- WHAT TO PRODUCE -
Using the listing below, give again exactly the lines from the line with "French president Emmanuel Macron, right, shakes" to the line with "The Marimekko factory", inclusive, without the pictures.

- EXERCISE DATA -
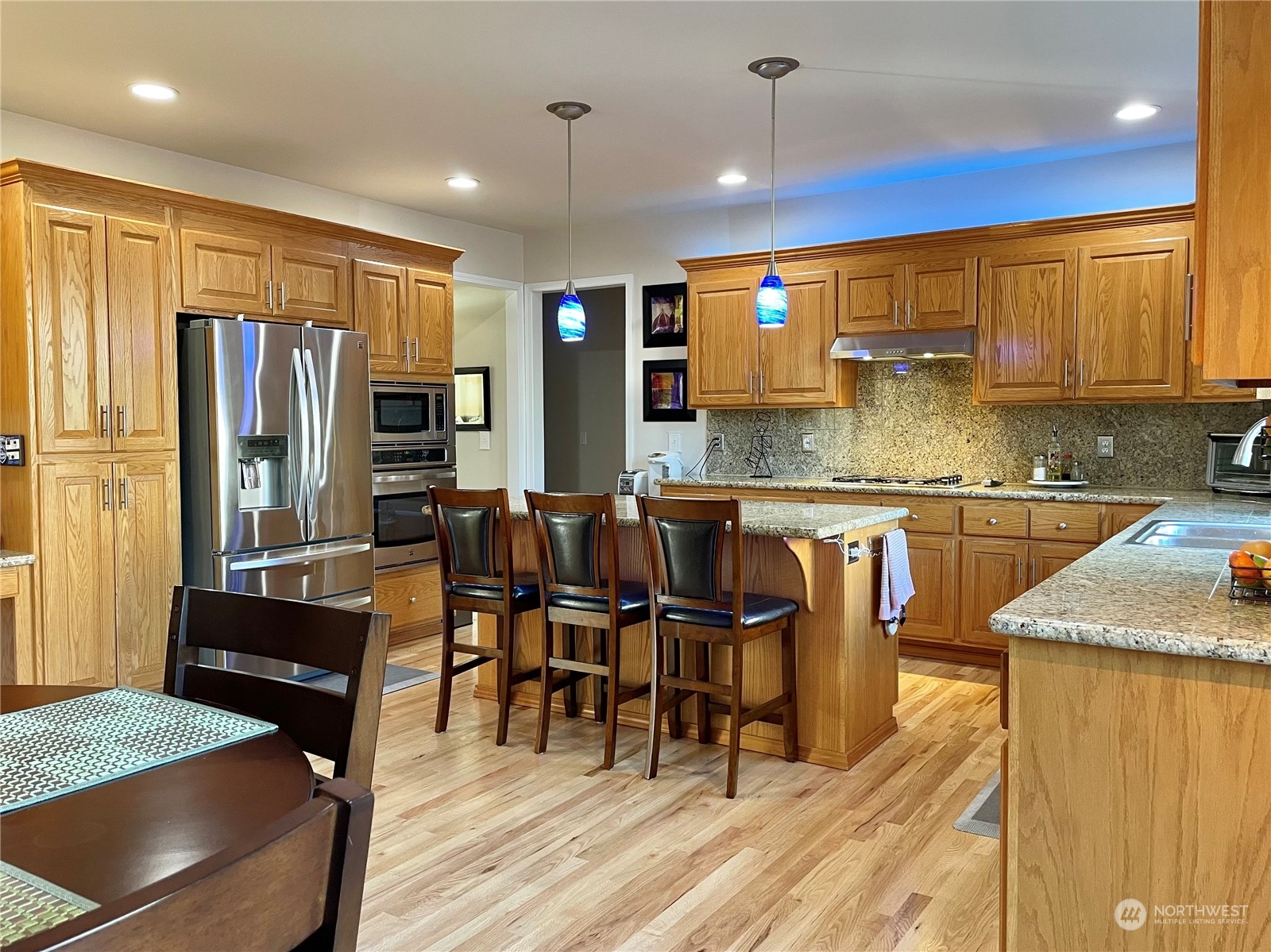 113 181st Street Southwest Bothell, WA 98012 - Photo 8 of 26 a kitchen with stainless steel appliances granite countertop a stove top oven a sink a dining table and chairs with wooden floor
* * *
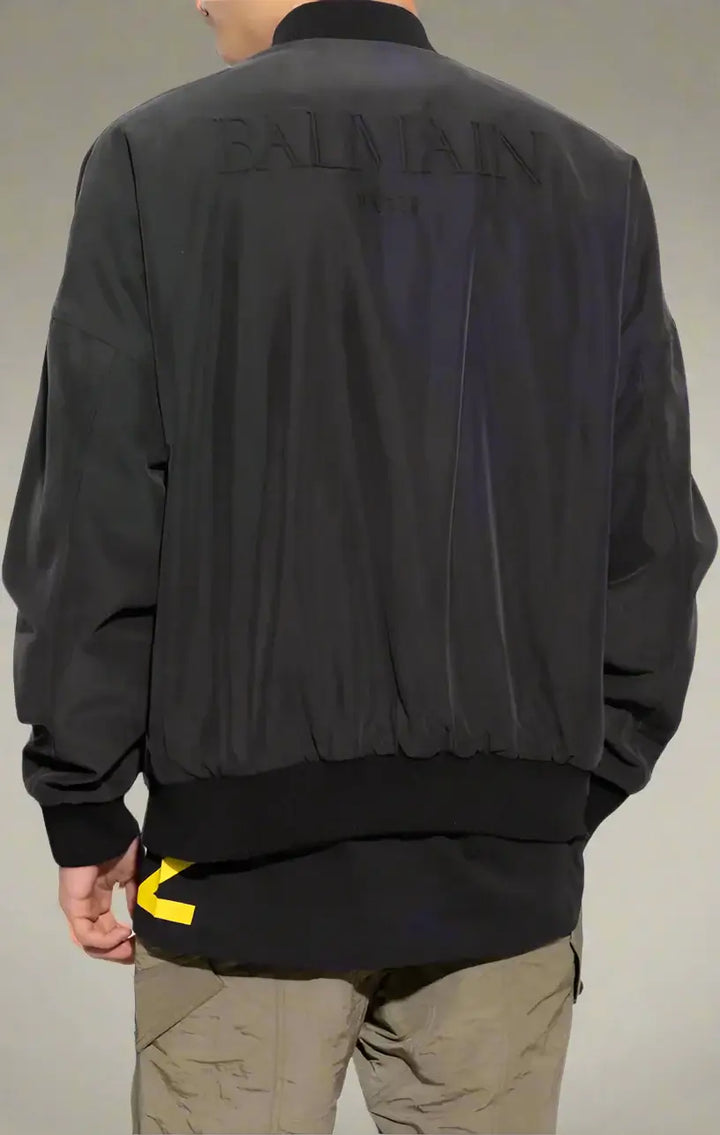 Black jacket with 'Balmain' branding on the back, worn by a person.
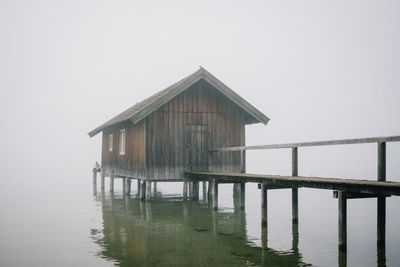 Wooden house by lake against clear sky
...
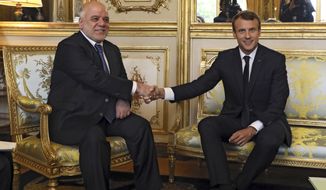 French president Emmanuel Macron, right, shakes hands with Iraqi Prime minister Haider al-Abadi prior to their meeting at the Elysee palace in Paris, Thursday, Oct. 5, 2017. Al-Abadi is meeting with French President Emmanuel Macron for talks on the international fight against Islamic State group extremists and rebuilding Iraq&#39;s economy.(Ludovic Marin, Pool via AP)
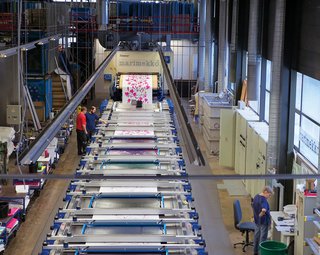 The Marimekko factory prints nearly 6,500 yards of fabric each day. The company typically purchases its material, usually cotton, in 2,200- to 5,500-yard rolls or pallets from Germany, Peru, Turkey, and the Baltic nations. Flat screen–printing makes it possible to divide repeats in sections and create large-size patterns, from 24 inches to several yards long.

- WRITTEN RESPONSE -
 French president Emmanuel Macron, right, shakes hands with Iraqi Prime minister Haider al-Abadi prior to their meeting at the Elysee palace in Paris, Thursday, Oct. 5, 2017. Al-Abadi is meeting with French President Emmanuel Macron for talks on the international fight against Islamic State group extremists and rebuilding Iraq&#39;s economy.(Ludovic Marin, Pool via AP)
 The Marimekko factory prints nearly 6,500 yards of fabric each day. The company typically purchases its material, usually cotton, in 2,200- to 5,500-yard rolls or pallets from Germany, Peru, Turkey, and the Baltic nations. Flat screen–printing makes it possible to divide repeats in sections and create large-size patterns, from 24 inches to several yards long.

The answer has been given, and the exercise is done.